In this paper, we describe our analysis of review helpfulness prediction and propose a novel neural network model with attention modules to incorporate sentiment and product information. We also describe the results of our experiments in two application scenarios: cold start and warm start. In the cold start scenario, our results show that the proposed model outperforms PRH-Net, the previous state of the art model. The increase in performance, measured by AUC, as compared with PRH-Net is 5.4% and 1.5% on Amazon and Yelp data sets, respectively. Furthermore, we evaluate the effect of each attention layer of proposed model in both scenarios. Both attention layers contribute to the improvement in performance. In the warm start scenario, the product attention layer is able to attain better performance than in cold scenario since it has access to reviews for targeted products. We also evaluate our model from the perspective of recommender systems with three commonly used metrics: NDCG@10, Precision@10 and Recall@10. Based on these results, our model outperforms the state-of-the-art model developed by Fan et al. (2019)

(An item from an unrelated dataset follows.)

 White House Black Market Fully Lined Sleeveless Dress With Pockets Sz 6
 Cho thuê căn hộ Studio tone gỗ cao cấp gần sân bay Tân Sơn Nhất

Our proposed HSAPA model is able to identify helpful information from a review text based on review rating star values and product metadata such as product descriptions. The HSAPA model not only identifies helpful reviews, but also recommends the top n helpful reviews for each product. This is quite useful when there are large numbers of reviews for a product. In this paper, we evaluate review helpfulness from the perspective of review quality. In the future, we may rank the helpfulness of reviews by incorporating a user’s own preferences (Qu et al. 2019) in order to make personalized recommendations(Devlin et al. 2018).